In the UK, The Guardian has revealed that the Surveillance Commissioner (a separate office to the Information Commissioner) has been very critical behind the scenes, as the Lords Committee was in public, of the uses to which the Regulation of Investigatory Powers Act (2000) (RIPA) has been put, not this time by local government, but by national ministries like the Department for Environment, Food and Rural Affairs (DEFRA) and agencies, including Ofcom (the broaadcast and communications regulator) and the Charities Commission. DEFRA came in for a particular telling-off over its spying on fishermen. The chief commissioner, Sir Christopher Rose found generalised lax practice, a lack of proper justification for and proportionality in the used of RIPA, and little training or accountability. In short, RIPA is being used because the powers exist not because there is any pressing justification to use surveillance in this manner – the used of surveillance has expanded because it is available.

It is very interesting that The Guardian had to discover all this through Freedom of Information Act (FOIA) requests, and that the Surveillance Commissioner had not put all of this in the public domain as a matter of course. It highlights for me, once again, the clear difference in attitude and regulatory practice between him and the open, accountable, and active Information Commissioner’s Office (ICO). It confirms my view that we would be much better off if the Surveillance Commissioner’s work was absorbed into the ICO.

In the USA, it is to lawyers that people immediately turn if some bad practice is suspected on behalf of the government. The Los Angeles Times reports that on Friday, the US government lost the case it had been bringing to try to stop an Islamic charity based in Oregon from suing them over what they claim were illegal wiretapping operations targeted at them. The case stems from the Bush administration’s attempts to bypass what were already very weak regulations governing the surveillance of American citizens which were introduced in the Foreign Intelligence Surveillance Act (1978) (FISA) and recently amended in the Protect America Act (2007). Requests are supposed to go to the Foreign Intelligence Surveillance Court (FISC) which meets in secret and does not have to publish its rulings and so far as we know, has never turned down a request – so it is somewhat mystifying except as a matter of speed and convenience that the Bush administration did bypass the court.

Now the Obama administration is (shamefully) defending the actions of his predecessor. This is not entirely surprising. Intelligence is one area of continuity between governments: it is what Peter Gill called the ‘secret state’, a core that remains constant regardless of changes of administration. Nixon and Bush were both stupid enough to get caught, but the NSA, CIA and FBI are continually looking for different ways to get around domestic regulations on surveillance. Political devices like the UKUSA agreement served this purpose for many years – whereby Canadian and British intelligence services would collect SIGINT on Americans and supply it to the NSA and vice-versa. But GCHQ and others just don’t have the capabilities to carry out the amount of monitoring that now goes on.
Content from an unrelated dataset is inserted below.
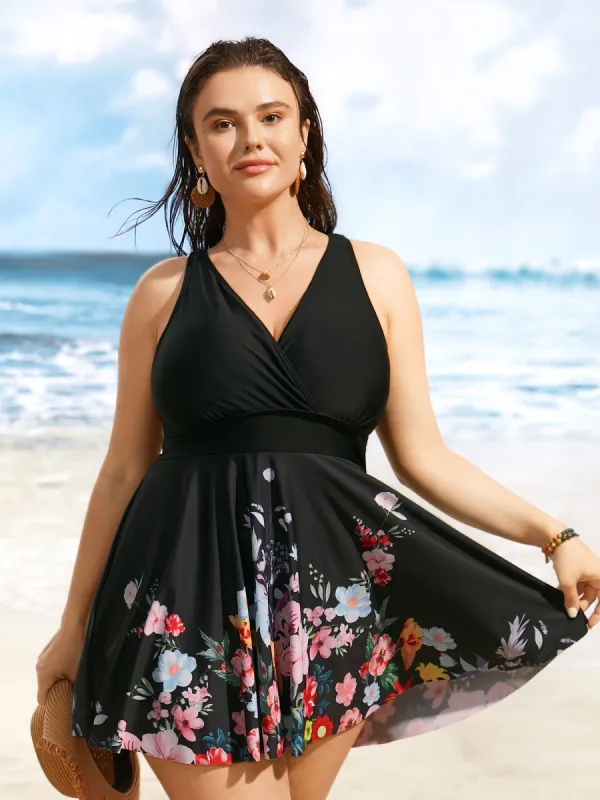 Overlap Collar Natural Flowers Gathered Swim Dress sold by Bloomchic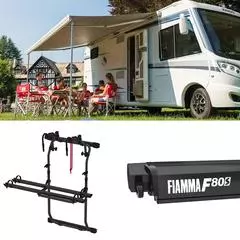 Fiamma F80S Awning, Fixing Bracket, Bike Carrier Bundle for Fiat Ducato L3 H2 Vans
It’s been the reality for many years now that the NSA in particular does spy on Americans. Again, they have the capabilities so those capabilities are used.

Of course, unlike in the UK, we are talking about the threat of terrorism not anglers catching one-too-many fish; that really does say something about the petty bureaucracy that characterises the UK! However RIPA was also justified originally with reference to terrorism and serious and organised crime. Anyway, the ruling in the Oregon case clearly states that state secrets privilege was not enough to justify warrantless surveillance of suspects, whatever they had allegedly done. It seems that at least is one point of hope that the USA and the UK have in common. Let’s see where these situations now lead in each country…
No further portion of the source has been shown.